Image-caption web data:
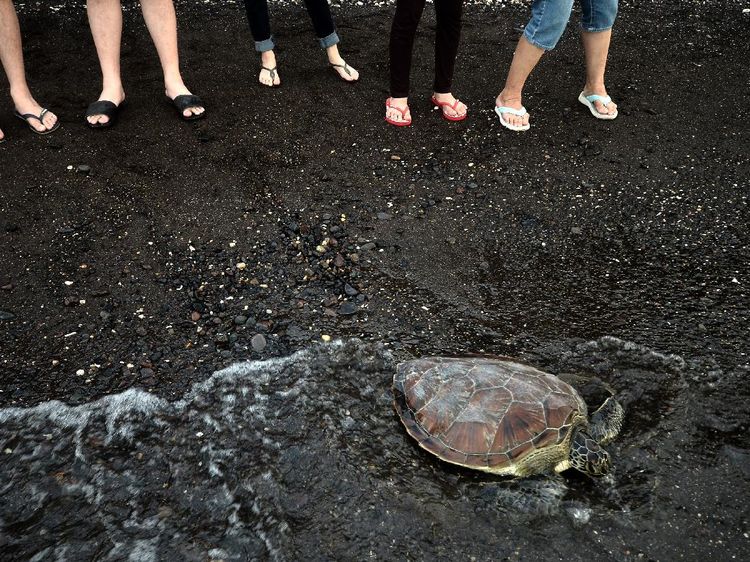 Mengenal Ritual Fang Sheng, Tradisi Melepas Binatang ke Alam Bebas
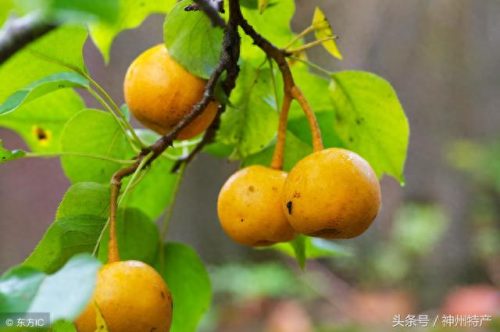 浙江黄花梨厂家排名前十(黄花梨品牌排行前十)插图1
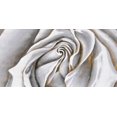 thumbnail image 3 of White rose delicate - 24"x48" canvas - Print on demand, 3 of 5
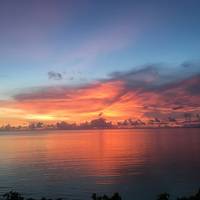 ANA&JAL特典で行く西表島♪美味しいもの食べて飲んでまったりの旅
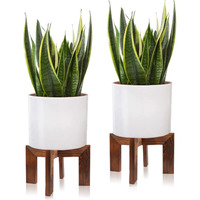 Gendral Forwepup 2 Pack Wood Plant Stand, Mid Century Modern Planter Stand Rattan Flower Pot Stand, Low Short Plant Stands Indoor - Boho Rustic Wooden Stool For Plant Pot Holder, Fit 5-15 Inch Pot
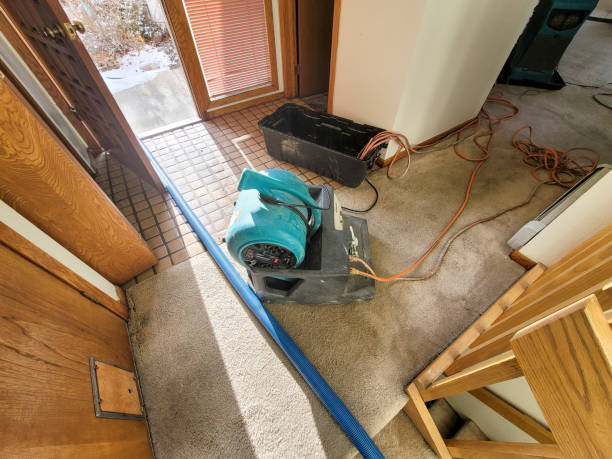 Best Water damage restoration near me  in Pleasant View, UT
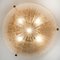 Textured Sunbrust Flush Mount / Wall Sconce by Hillebrand, 1960s 10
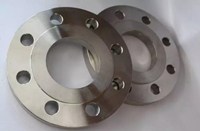 Steel Flanges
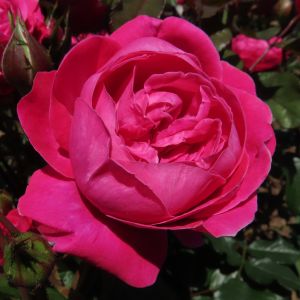 Best of Friends Rose - Pink Floribunda - The Fragrant Rose Company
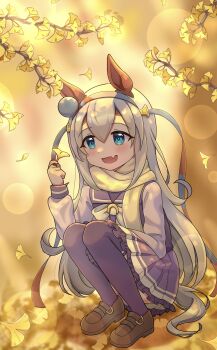 1girl absurdres animal_ears autumn blue_eyes blue_hairband blush bow bowtie ear_covers ear_ornament fang fangs ginkgo_tree grey_hair grey_tail hair_between_eyes hairband headband highres horse_ears horse_girl horse_tail leaf long_hair long_sleeves open_mouth purple_sailor_collar purple_serafuku purple_shirt purple_skirt purple_thighhighs red_headband sailor_collar sailor_shirt school_uniform serafuku shirt shoes skin_fangs skirt smile solo squatting striped_clothes striped_hairband tail tamamo_cross_(umamusume) thighhighs tracen_school_uniform umamusume user_njyp2785 very_long_hair white_bow white_bowtie
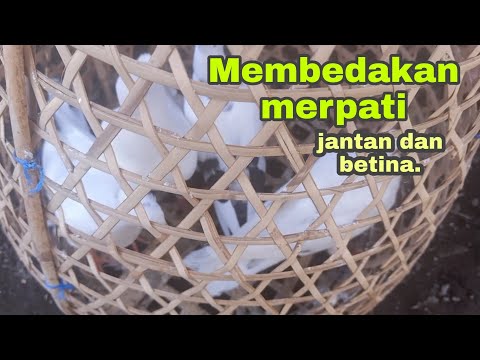 Video: Bagaimana cara membezakan burung merpati kayu jantan daripada betina?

EXERCISE REQUIREMENTS:
What is needed is an exact retyping of the lines from the start of the data through the line with "Best of Friends", with both end lines kept and every picture left out.

SOLUTION TO THIS TASK:
 Mengenal Ritual Fang Sheng, Tradisi Melepas Binatang ke Alam Bebas
 浙江黄花梨厂家排名前十(黄花梨品牌排行前十)插图1
 thumbnail image 3 of White rose delicate - 24"x48" canvas - Print on demand, 3 of 5
 ANA&JAL特典で行く西表島♪美味しいもの食べて飲んでまったりの旅
 Gendral Forwepup 2 Pack Wood Plant Stand, Mid Century Modern Planter Stand Rattan Flower Pot Stand, Low Short Plant Stands Indoor - Boho Rustic Wooden Stool For Plant Pot Holder, Fit 5-15 Inch Pot
 Best Water damage restoration near me  in Pleasant View, UT
 Textured Sunbrust Flush Mount / Wall Sconce by Hillebrand, 1960s 10
 Steel Flanges
 Best of Friends Rose - Pink Floribunda - The Fragrant Rose Company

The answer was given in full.